While MPI provides the set of standards, the Exascale Computing Project (ECP)’s MPICH library implements these standards. One of the most popular implementations of MPI, MPICH turns the standards into a library that programmers on an HPC machine can use. MPICH addresses many challenges in scaling up data transfer, including performance and memory usage, to ensure the MPI standard is efficiently implemented on new machines.
Almost all ECP projects rely on MPI for interprocess communication, and all three Department of Energy exascale computing systems—Frontier at Oak Ridge, Aurora at Argonne, and El Capitan at Lawrence Livermore—use an MPICH-based MPI implementation. The vendors of these systems, Intel and HPE/Cray, provide an optimized version of MPICH for their customers.
One of the goals of ECP was building exascale supercomputers and enabling applications to run efficiently on these new systems. MPICH directly helps this goal.
Although MPI will continue to be a viable programming model on exascale systems, the MPI standard and MPI implementations must address the challenges posed by the increased scale, performance characteristics, evolving architectural features, and complexity expected from the exascale systems, as well as provide support for the capabilities and requirements of the applications that will run on these systems.

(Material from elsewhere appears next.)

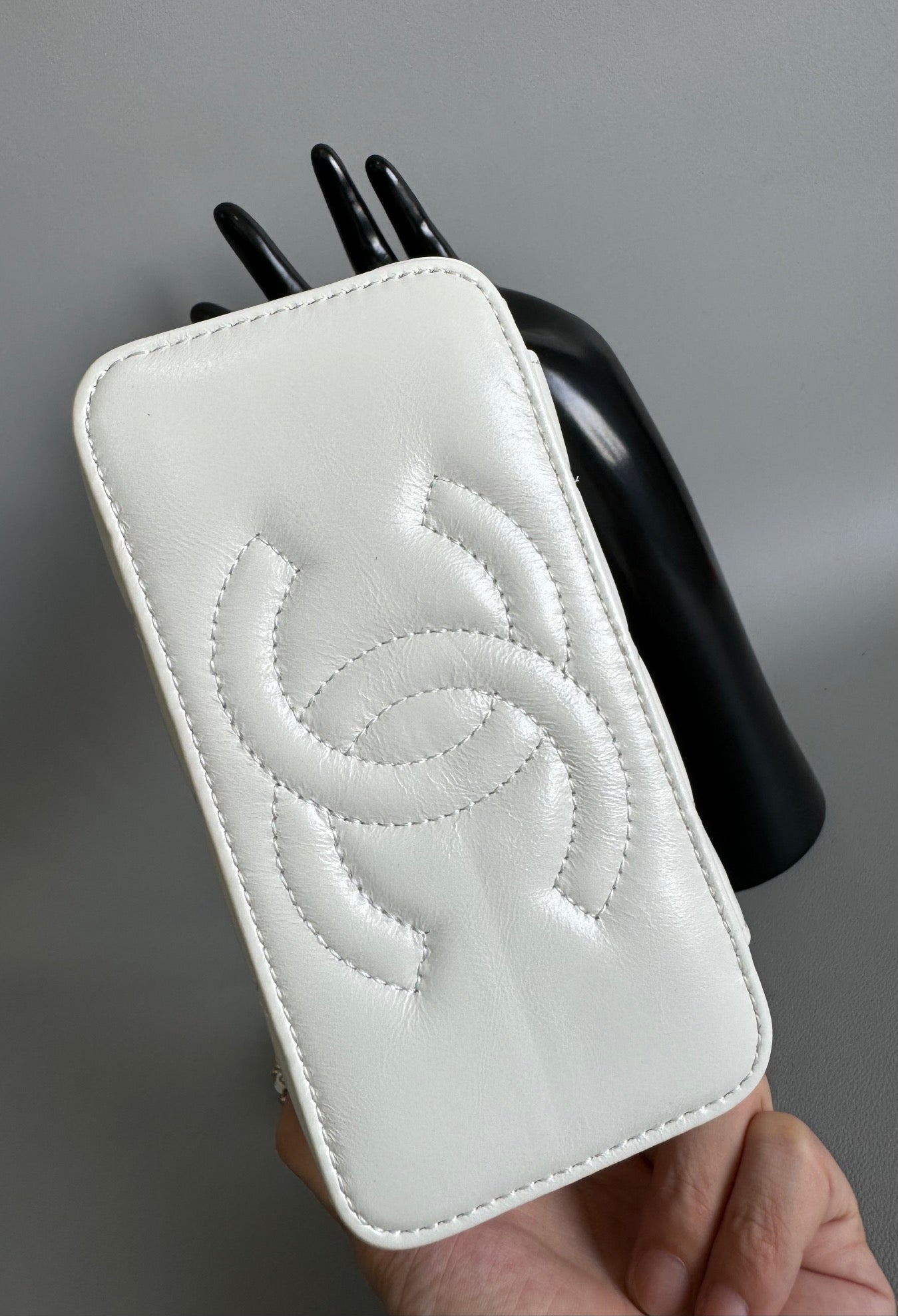 CC VANITY CASE PEARL 17CM WHITE LAMBSKIN GOLD HARDWARE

Therefore, this project addresses five key challenges to deliver a performant MPICH implementation: (1) scalability and performance on complex architectures that include, for example, high core counts, processor heterogeneity, and heterogeneous memory; (2) interoperability with intranode programming models that have a high thread count, such as OpenMP, OpenACC, and emerging asynchronous task models; (3) software overheads that are exacerbated by lightweight cores and low-latency networks; (4) extensions to the MPI standard based on experience with applications and high-level libraries and frameworks targeted at exascale; and (5) topics that become more significant for exascale architectures (i.e., memory and power usage and resilience).
The MPICH development effort continues to address several key challenges, such as performance and scalability, heterogeneity, hybrid programming, topology awareness, and fault tolerance. Several additional features are being developed to support the exascale machines that will be deployed, including: (1) support for multiple accelerator modes and native hardware models that will facilitate data transfers between GPU accelerators and the communication network in cases in which native hardware support is lacking and (2) offline and online performance tuning based on static and dynamic system configurations, respectively.
This team will also produce a significantly larger test suite to stress test various use cases of MPI and develop a test generation tool kit that automatically profiles MPI usage by applications via the MPI profiling interface and generates a simple test program that represents the MPI communication pattern of the application, covering basic MPI features, sanitized iterative loops, memory buffer management, and incomplete executions. These activities will help improve the reliability and performance of the MPICH implementation and other MPI implementations as they evolve.
The team will continue to engage with the MPI Forum to ensure that future MPI standards meet the needs of the Exascale Computing Project (ECP) and broader DOE applications. To achieve good performance on exascale machines, the team plans to develop new MPI features for application-specific requirements, such as alternative fault tolerance models and reduction neighborhood collectives, either through inclusion in the standard or as extensions to the standard.